My suggestion is to calculate scroll bar width if the scroll bar is present (i.e. if `offsetWidth` of `window` is greater than `clientWidth`), and add a special class to `<body>` if content height (plus whatever vertical padding and margins you may have set) is shorter than `window.clientHeight` (i.e. the viewport). That way, going between a long list of Entries on the main page and one particularly-short Entry won't shift its content visually. Naturally, don't forget to remove the special class if content height is greater than the viewport height.

As a sidenote: consider replacing pixel-based width for content columns with `ch`-based. `ch` is the width of the font's `0` character ("advanced measure", I'm obligated to say, but for Web design concerns it's almost always its width). As Eric Meyer points out, it's not quite as precise as "the width of a character", but given that you're working with text, it's better than sizing with pixels.

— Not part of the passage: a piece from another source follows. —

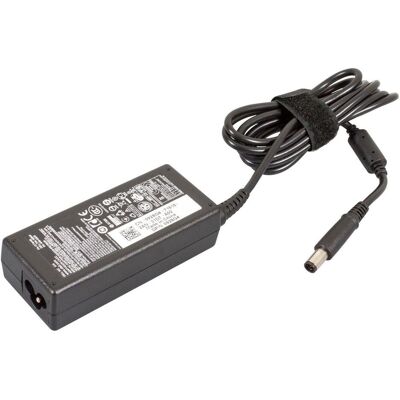 Dell 450-18168 AC-Adapter (65 W), Notebook Netzteil Dell 450-18168 AC-Adapter (65 W), Notebook Netzteil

It's been suggested that the optimal length of a line (which, in our case, is also the width of the entire column) should be somewhere between 50 and 75 characters. Given Eric's observation that, on average, characters in fonts are ~25% wider than its corresponding `0`, and assuming we're aiming for the average of 60 characters per line, consider setting the width of your column to `45ch` and see where it leads you. Remember that it's all in service of readibility, so if it consistently feels off to you, tweak the values until reading is pleasant.

I'd also like to leave this Nielsen Norman Group article here. It's a list of issues many applications have. No context for it, I just figured you might extract useful information for it.